### [DATA FOR ANALYSIS]
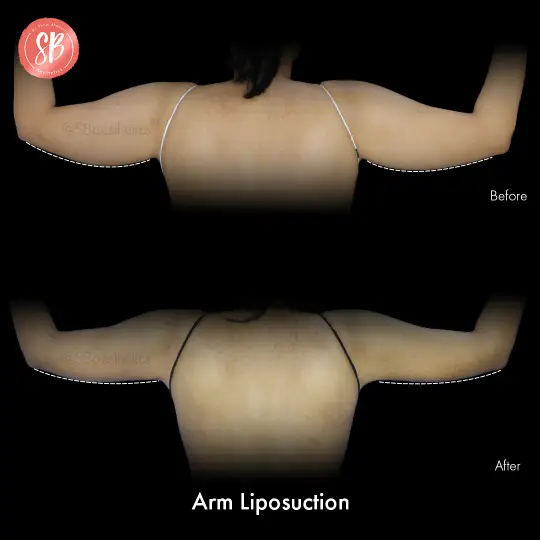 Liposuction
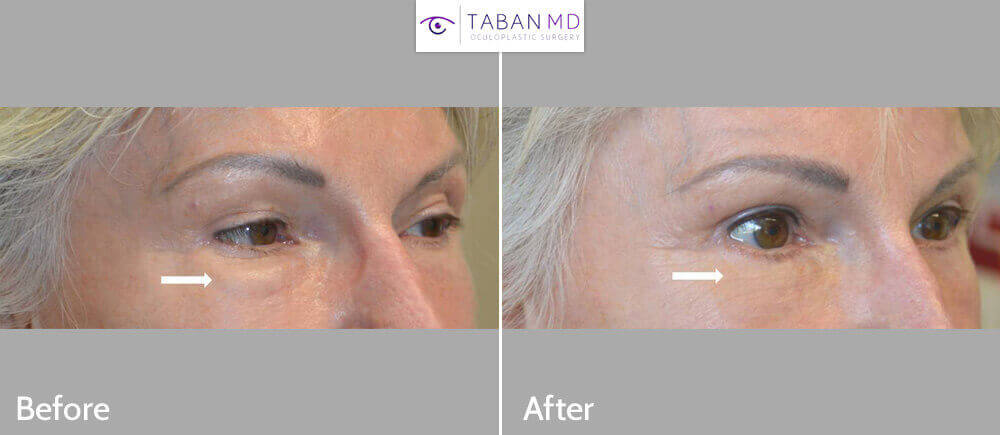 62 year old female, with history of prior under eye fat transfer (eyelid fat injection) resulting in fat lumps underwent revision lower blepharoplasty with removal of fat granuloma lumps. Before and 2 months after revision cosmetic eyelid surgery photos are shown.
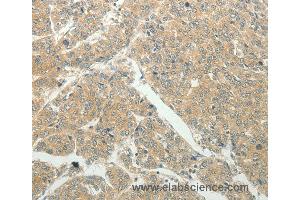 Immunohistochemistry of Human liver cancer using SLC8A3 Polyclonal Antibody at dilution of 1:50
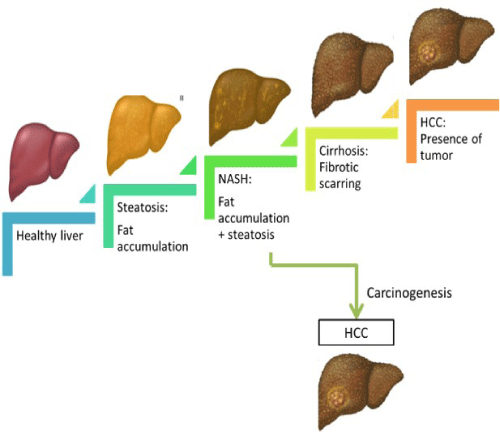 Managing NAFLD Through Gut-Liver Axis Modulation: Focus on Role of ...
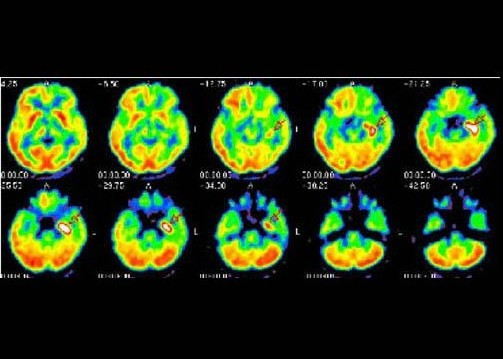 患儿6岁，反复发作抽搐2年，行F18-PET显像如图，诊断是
--
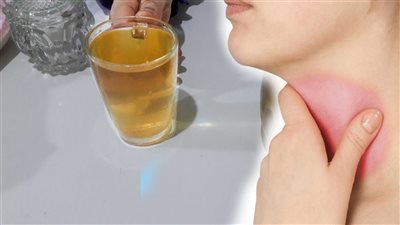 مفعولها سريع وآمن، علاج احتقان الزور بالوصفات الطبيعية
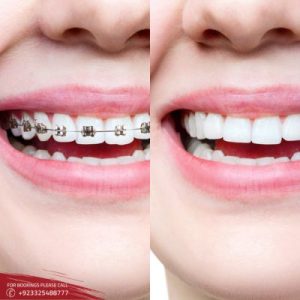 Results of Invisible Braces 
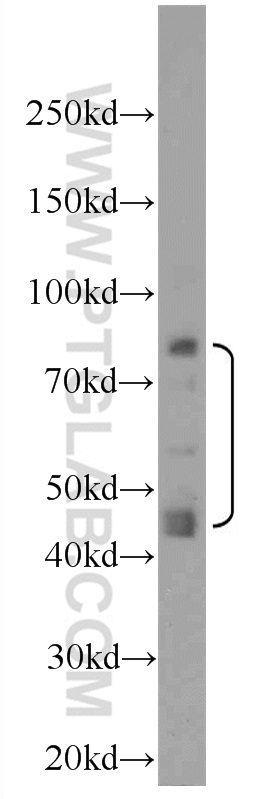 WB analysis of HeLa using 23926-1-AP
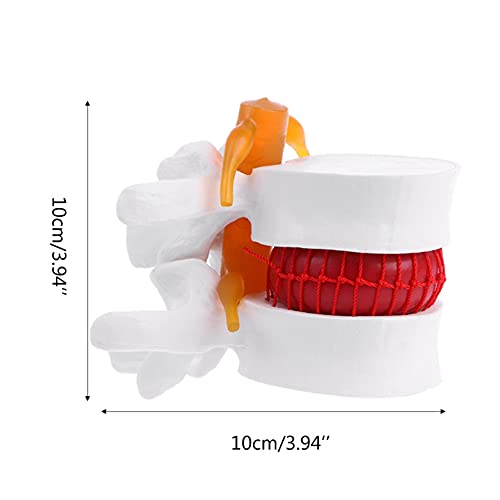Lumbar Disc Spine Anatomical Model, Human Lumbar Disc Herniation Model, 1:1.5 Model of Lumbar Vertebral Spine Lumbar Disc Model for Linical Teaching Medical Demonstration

### [WORK ITEM]
Your output should be the lines above from the one that contains "Liposuction" through the one that contains "患儿6岁，反复发作抽搐2年，行F18-PET显像如图，诊断是", word for word, with pictures left out.

### [ANSWER SPACE]
 Liposuction
 62 year old female, with history of prior under eye fat transfer (eyelid fat injection) resulting in fat lumps underwent revision lower blepharoplasty with removal of fat granuloma lumps. Before and 2 months after revision cosmetic eyelid surgery photos are shown.
 Immunohistochemistry of Human liver cancer using SLC8A3 Polyclonal Antibody at dilution of 1:50
 Managing NAFLD Through Gut-Liver Axis Modulation: Focus on Role of ...
 患儿6岁，反复发作抽搐2年，行F18-PET显像如图，诊断是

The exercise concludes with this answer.